Under Illinois and federal law, a pension plan that is organized in Canada does not meet the definition of a qualified retirement plan and may not be exempted from the debtor’s bankruptcy estate. In re Green, No. 21-6189 (Bankr. N.D. Ill. March 9, 2022).
The debtor sought to exempt from his bankruptcy estate his $72,300 interest in a Retirement Fund which was organized in Canada. The chapter 7 trustee objected to the exemption on the basis that the plan was not a qualified retirement plan within the meaning of the state or federal exemptions.
The debtor claimed the exemption under Illinois law 735 ILCS 5/12-1006(a) which permits a debtor to exempt a retirement fund that “is intended in good faith” to qualify as such under the Internal Revenue Code, or is a pension plan created under the Illinois Pension Code.
In objecting to the exemption, the trustee pointed to IRC 401(a) which defines a qualified plan as a “trust created or organized in the United States and forming part of a . . . pension . . . plan of an employer for the exclusive benefit of his employees . . .” Because the debtor’s plan was created or organized in Canada, the trustee argued that it did not qualify as a retirement fund under the Internal Revenue Code.
The debtor argued that the Illinois exemption is broad enough to encompass IRC section 404A, which deals with qualified foreign plans, and that his plan qualifies under that provision. The court was unpersuaded.
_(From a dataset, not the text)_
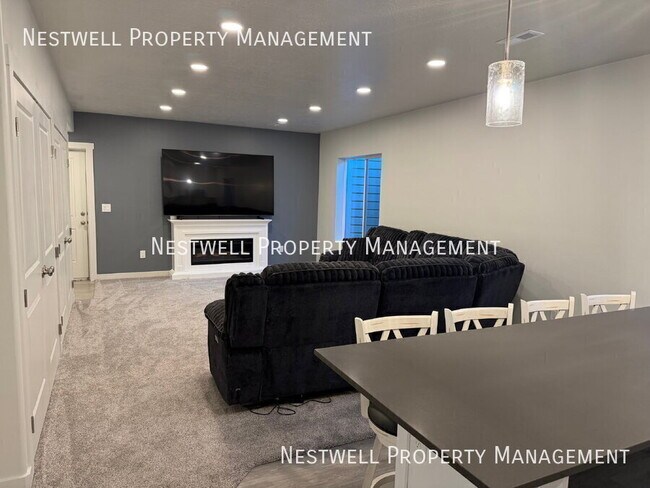 Building Photo - 3848 Safflower Dr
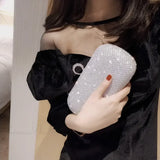 Bolso de noche de lujo adornado con brillantes diamantes.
It found section 404A was limited to the issue of deductions for employer contributions to foreign deferred compensation plans and did not create an exception to the requirement in section 401(a) that qualified pension plans be created in the United States.
As a matter of statutory interpretation, the court found the debtor’s broad interpretation of Illinois’ exemption language to incorporate foreign pension plans would require it to ignore the plain language of IRC section 401(a) which it could not do.
The court noted also that the federal exemption for pension plans found in section 522(b)(3)(C), specifies IRC provisions that create qualified plans and does not include section 404A.
The court concluded that the debtor’s pension plan was not a qualified plan under the IRC and it therefore disallowed the exemption.